How aerosol modeling assumptions and parameterizations can affect stratospheric sulfate aerosol following the 1991 Pinatubo volcanic eruption

The 1991 Pinatubo eruption remains the largest volcanic eruption observed during the satellite era, injecting 18-19 Tg of sulfur dioxide (SO2) into the stratosphere. Just over half of this SO2 oxidized to form long-lived (3-4 years) sulfate aerosol, which scattered incoming solar radiation and absorbed outgoing longwave radiation, significantly impacting atmospheric temperature by altering the global radiative balance. Pinatubo provides an important validation for the simulation of stratospheric sulfate in earth system models given the relatively high availability of remote sensing and in-situ data before and after the eruption. This validation helps identify how well aerosol parameterization in these models are simulating the sulfate lifecycle, including emission, formation, lifetime, and climate impact. Here we use remote sensing and in-situ balloon measurements from Laramie, WY to validate version 2 of the Energy Exascale Earth System Model (E3SMv2) with improvements to its stratospheric sulfate representation.

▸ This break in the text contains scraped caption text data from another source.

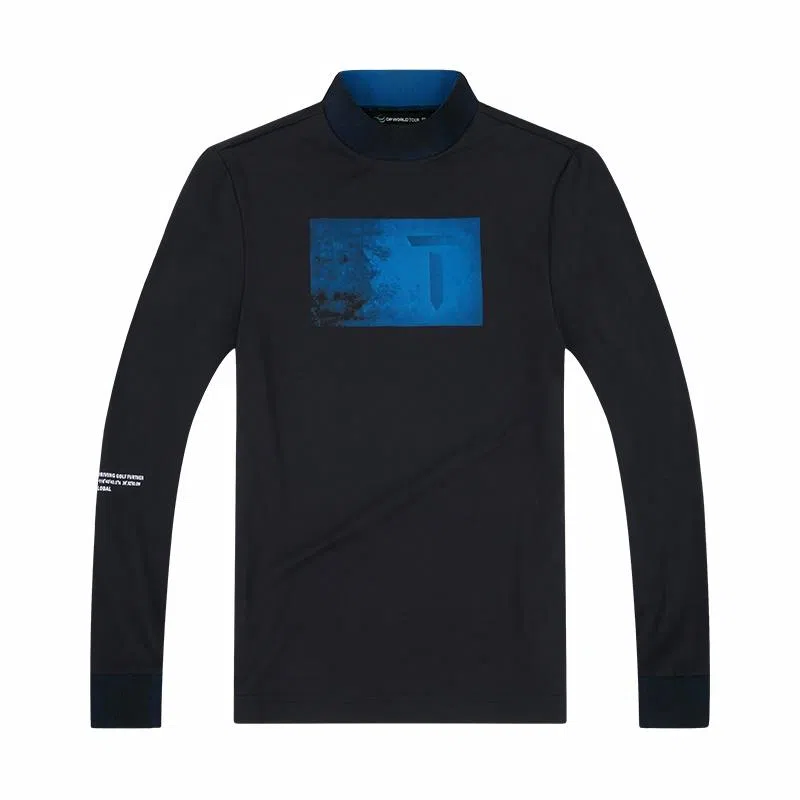 EUROPEAN TOUR Golf Graffiti Long Sleeve Tee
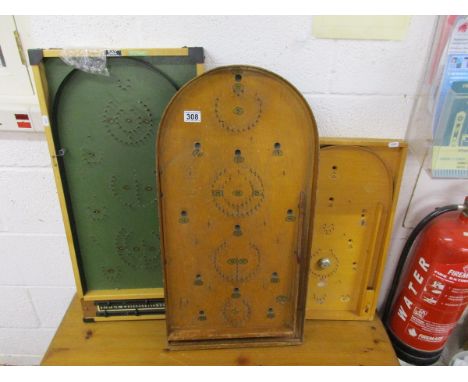 3 bagatelle games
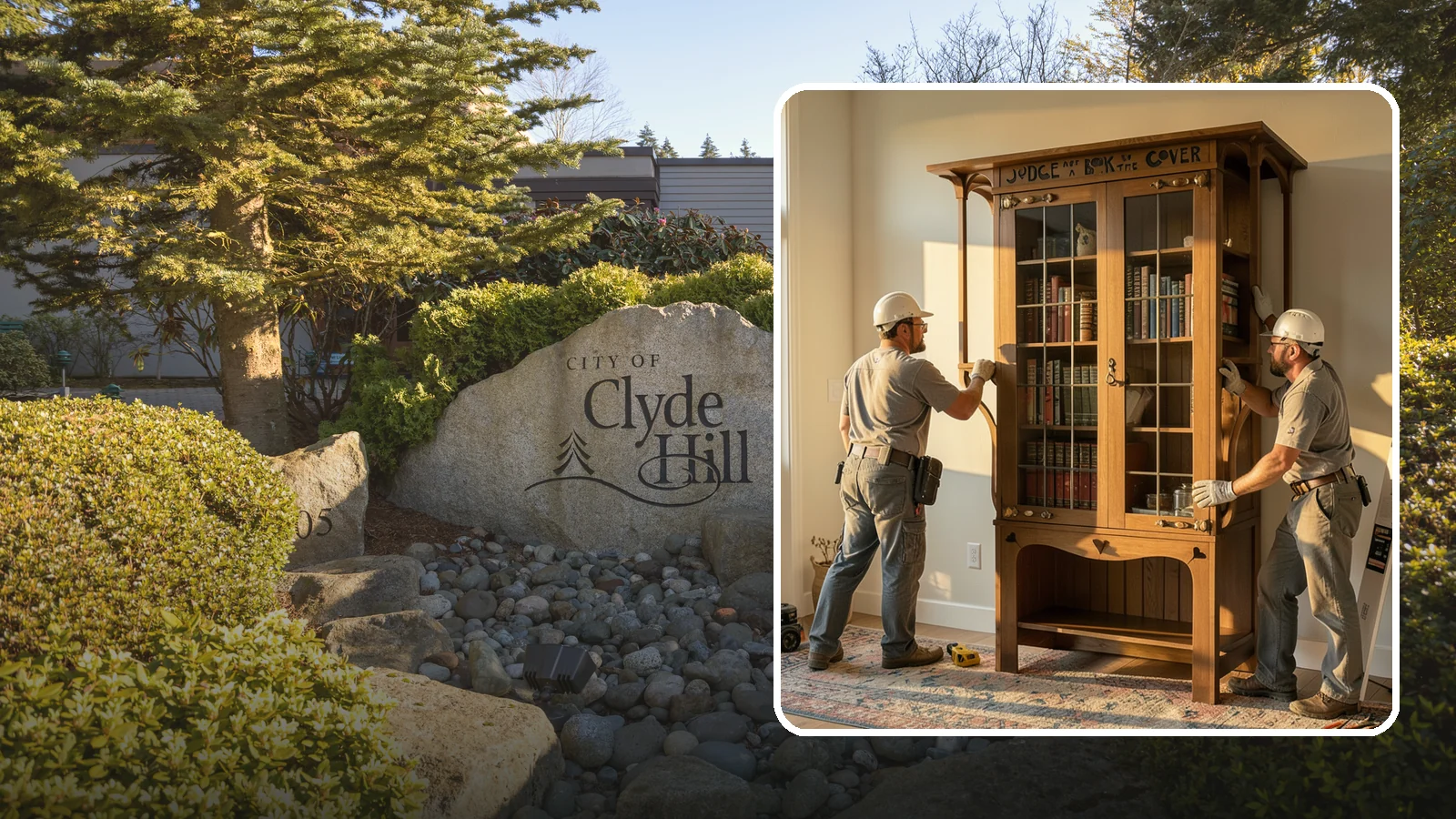 Built-In Bookcase Construction in Clyde Hill, King County, WA - Custom built-in bookcases crafted to fit your space and display books, decor, and memories beautifully.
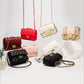 Women's Fashion Korean Style Trendy Rhombus Chain Crossbody Bags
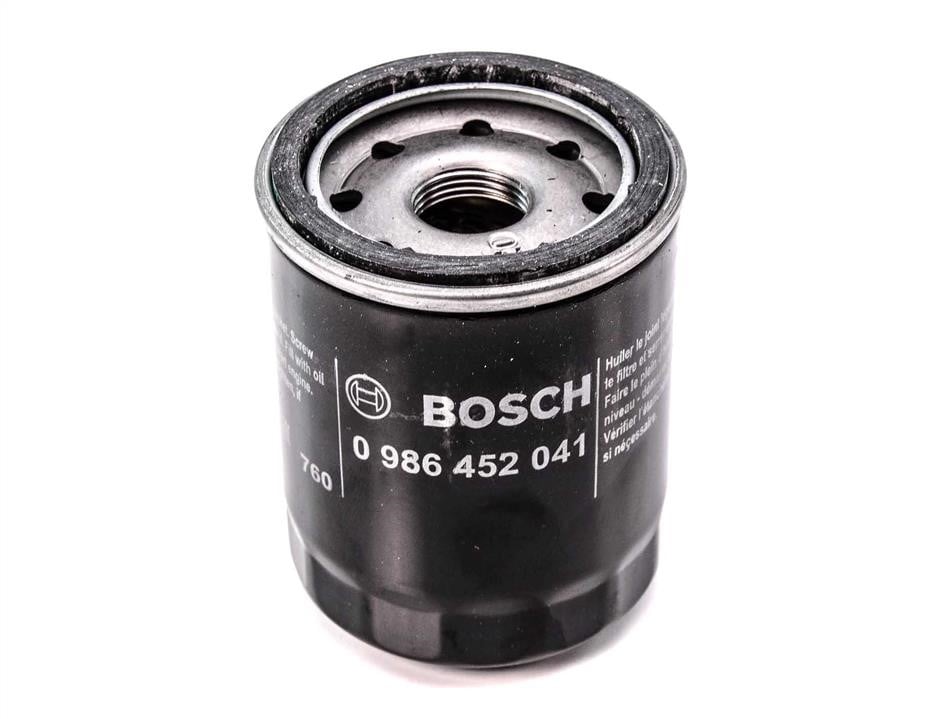 Bosch 0 986 452 041 Фільтр масляний 0986452041: Приваблива ціна - Купити в Україні на EXIST.UA!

By comparing E3SMv2 to a very similar model with more advanced atmospheric chemistry, CESM2-WACCM6 (the Community Earth System Model (CESM2) with the Whole Atmosphere Community Climate Model version 6 (WACCM6)), some of the side effects to a simpler chemical treatment within E3SMv2 are identified. Both E3SMv2 and CESM2-WACCM simulate stratospheric sulfate aerosol that is smaller than in observations; potential reasons for this difference and its implications on simulations of global radiative balance are explored.